◆ WHAT THE TASK REQUIRES
Find each line below containing the word "Women" and copy it.

Caption-style text data
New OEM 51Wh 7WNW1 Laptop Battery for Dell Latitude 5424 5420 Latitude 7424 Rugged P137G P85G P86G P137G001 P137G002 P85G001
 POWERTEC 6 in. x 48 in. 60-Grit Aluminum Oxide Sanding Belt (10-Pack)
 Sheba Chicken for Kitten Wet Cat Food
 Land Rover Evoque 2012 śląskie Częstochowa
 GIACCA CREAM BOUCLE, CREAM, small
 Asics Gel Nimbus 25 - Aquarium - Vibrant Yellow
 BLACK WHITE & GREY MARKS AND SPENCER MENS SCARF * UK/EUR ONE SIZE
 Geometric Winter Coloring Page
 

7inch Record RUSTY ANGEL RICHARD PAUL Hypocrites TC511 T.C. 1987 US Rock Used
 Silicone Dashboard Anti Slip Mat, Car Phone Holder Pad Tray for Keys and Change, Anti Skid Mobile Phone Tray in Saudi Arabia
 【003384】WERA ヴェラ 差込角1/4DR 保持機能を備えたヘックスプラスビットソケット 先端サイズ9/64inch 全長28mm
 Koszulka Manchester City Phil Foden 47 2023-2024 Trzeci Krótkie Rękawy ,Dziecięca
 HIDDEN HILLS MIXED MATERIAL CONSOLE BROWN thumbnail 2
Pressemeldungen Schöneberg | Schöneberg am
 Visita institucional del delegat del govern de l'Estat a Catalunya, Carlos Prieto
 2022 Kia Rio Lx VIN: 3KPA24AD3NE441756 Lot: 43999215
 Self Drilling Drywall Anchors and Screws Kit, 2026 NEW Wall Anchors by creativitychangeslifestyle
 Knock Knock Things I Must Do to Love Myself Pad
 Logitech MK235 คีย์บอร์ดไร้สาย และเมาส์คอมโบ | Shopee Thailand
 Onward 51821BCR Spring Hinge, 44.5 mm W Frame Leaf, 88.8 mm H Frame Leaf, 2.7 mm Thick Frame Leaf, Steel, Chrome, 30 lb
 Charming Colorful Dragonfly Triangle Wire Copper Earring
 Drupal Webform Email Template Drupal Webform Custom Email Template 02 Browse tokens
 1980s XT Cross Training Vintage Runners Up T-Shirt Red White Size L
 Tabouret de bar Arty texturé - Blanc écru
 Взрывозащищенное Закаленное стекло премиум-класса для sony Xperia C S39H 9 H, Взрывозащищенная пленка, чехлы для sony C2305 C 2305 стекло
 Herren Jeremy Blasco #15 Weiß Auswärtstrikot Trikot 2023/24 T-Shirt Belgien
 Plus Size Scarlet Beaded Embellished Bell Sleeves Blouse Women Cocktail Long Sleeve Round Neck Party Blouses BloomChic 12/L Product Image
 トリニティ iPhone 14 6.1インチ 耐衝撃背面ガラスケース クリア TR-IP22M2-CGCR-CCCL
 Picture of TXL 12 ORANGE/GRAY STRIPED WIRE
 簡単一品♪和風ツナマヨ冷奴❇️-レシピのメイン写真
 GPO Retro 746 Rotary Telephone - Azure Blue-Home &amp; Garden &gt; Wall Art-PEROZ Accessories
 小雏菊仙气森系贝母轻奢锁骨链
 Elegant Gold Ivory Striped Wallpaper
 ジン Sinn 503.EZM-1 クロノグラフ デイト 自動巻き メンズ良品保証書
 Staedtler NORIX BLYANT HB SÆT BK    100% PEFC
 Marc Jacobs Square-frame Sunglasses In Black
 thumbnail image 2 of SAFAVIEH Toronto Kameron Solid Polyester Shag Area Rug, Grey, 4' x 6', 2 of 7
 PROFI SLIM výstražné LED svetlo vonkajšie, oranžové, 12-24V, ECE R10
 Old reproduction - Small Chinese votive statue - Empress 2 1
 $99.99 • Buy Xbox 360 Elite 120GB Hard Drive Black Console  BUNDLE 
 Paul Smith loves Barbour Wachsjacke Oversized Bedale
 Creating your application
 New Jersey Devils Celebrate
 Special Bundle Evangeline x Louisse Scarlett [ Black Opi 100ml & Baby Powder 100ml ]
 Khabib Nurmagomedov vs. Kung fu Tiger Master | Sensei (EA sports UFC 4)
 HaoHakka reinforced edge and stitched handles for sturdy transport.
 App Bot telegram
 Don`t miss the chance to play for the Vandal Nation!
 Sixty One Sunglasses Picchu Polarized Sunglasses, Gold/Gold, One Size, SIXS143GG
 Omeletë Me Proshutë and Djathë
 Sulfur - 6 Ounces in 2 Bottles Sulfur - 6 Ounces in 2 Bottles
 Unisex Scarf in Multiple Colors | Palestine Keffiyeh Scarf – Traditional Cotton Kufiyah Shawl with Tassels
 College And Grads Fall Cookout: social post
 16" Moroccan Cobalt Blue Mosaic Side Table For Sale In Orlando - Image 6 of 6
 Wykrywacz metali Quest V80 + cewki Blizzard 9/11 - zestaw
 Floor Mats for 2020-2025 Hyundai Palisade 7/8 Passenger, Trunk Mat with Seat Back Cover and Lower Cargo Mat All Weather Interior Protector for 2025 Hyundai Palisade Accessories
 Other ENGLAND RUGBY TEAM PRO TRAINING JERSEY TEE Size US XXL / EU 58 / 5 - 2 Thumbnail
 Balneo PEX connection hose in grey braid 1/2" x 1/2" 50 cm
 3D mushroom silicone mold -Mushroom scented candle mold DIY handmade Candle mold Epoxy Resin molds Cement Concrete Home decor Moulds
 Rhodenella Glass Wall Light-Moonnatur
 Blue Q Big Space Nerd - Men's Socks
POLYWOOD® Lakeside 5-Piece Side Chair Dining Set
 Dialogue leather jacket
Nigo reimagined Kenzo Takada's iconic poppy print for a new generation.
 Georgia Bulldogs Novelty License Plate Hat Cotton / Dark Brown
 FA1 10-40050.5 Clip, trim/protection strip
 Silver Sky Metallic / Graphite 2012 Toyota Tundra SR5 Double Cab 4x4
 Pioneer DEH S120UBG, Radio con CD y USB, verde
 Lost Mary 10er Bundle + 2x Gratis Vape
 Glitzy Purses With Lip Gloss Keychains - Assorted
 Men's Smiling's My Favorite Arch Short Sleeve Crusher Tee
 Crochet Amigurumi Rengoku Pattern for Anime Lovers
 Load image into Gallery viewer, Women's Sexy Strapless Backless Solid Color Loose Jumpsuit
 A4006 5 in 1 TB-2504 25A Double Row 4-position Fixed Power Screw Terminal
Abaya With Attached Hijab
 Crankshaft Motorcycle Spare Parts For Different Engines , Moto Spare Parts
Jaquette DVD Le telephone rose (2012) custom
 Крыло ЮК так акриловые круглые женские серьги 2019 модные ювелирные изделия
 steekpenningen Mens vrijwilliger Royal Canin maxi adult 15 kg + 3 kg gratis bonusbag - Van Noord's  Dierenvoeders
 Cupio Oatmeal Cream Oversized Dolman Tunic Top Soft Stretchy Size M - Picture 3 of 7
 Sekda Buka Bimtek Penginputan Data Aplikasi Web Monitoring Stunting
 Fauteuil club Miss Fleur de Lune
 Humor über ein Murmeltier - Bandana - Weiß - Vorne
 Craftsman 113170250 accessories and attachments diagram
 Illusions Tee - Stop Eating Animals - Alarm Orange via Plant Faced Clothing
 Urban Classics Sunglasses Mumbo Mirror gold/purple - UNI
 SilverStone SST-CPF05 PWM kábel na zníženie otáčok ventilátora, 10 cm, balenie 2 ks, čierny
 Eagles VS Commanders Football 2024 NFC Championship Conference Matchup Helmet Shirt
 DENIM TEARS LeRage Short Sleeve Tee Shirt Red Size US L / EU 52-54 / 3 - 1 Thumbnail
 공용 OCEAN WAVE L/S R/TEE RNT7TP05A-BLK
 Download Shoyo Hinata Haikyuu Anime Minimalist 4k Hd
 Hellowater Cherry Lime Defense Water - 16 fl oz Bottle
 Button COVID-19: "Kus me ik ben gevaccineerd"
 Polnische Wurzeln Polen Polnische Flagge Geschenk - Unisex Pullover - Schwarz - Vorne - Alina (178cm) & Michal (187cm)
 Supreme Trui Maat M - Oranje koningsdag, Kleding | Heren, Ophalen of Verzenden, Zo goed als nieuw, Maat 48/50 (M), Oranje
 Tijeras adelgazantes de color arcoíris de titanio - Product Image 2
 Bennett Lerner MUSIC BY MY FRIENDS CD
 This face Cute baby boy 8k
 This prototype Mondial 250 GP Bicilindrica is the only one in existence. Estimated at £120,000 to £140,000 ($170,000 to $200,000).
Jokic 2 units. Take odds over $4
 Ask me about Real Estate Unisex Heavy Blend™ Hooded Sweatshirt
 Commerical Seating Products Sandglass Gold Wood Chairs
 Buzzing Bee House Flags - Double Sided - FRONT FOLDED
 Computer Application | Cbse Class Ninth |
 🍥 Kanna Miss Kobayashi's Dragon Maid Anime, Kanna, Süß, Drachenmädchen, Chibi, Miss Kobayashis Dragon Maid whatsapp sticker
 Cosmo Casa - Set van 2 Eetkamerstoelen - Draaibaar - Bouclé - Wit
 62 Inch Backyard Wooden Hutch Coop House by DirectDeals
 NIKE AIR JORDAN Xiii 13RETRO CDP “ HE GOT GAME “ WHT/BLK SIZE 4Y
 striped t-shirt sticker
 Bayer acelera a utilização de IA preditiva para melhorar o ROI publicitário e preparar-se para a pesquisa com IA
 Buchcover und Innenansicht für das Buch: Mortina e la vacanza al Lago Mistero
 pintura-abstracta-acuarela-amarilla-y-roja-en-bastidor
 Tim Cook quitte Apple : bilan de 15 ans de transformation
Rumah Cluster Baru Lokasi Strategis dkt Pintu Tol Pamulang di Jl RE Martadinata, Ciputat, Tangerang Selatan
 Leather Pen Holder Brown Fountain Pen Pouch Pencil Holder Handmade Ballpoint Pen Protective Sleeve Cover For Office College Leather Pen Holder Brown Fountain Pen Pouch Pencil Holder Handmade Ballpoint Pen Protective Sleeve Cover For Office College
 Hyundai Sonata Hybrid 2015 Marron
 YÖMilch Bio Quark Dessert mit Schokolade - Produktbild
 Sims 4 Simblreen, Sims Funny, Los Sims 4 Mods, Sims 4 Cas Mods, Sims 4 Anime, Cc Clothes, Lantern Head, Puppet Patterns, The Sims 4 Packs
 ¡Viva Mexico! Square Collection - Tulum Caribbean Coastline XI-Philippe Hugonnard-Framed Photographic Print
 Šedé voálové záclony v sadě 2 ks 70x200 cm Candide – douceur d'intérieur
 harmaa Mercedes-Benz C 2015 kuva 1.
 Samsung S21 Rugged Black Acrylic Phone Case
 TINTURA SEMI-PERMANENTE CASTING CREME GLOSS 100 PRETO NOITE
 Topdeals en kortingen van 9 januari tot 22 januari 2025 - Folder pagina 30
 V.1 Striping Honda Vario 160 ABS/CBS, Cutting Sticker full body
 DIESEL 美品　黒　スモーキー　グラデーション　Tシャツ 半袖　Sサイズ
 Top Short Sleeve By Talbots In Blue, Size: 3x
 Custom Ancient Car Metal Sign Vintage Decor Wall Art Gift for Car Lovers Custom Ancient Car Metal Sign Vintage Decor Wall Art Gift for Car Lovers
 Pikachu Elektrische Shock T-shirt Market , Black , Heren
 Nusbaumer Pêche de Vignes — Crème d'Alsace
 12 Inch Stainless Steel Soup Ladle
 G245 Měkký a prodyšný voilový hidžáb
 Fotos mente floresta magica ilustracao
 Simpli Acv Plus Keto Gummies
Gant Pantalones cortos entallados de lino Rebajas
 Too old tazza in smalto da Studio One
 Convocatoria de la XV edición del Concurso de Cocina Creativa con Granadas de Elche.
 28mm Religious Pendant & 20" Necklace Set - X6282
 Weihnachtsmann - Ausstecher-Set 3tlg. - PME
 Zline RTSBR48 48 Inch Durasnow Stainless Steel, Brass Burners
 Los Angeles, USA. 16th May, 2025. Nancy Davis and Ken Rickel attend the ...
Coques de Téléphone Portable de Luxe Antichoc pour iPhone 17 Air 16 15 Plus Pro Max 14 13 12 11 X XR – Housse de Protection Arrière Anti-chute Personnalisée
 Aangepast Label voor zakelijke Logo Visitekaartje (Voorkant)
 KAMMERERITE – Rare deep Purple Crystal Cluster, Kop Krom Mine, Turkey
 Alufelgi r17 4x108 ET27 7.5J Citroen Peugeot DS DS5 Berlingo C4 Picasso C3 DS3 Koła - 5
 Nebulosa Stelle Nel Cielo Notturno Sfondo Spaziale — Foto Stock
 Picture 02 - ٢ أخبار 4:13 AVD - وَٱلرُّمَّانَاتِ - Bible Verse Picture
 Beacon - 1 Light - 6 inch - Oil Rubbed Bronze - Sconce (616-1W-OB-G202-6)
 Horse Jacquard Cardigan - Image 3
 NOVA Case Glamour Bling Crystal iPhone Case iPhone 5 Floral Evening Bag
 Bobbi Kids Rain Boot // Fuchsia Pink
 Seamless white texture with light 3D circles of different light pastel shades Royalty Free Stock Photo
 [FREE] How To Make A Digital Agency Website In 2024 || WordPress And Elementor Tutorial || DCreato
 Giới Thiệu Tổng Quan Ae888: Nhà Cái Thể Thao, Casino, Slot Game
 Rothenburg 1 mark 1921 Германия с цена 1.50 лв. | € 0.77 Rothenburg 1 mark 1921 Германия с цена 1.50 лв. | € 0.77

◆ OUTPUT OF THE EXERCISE
 Plus Size Scarlet Beaded Embellished Bell Sleeves Blouse Women Cocktail Long Sleeve Round Neck Party Blouses BloomChic 12/L Product Image
 Load image into Gallery viewer, Women's Sexy Strapless Backless Solid Color Loose Jumpsuit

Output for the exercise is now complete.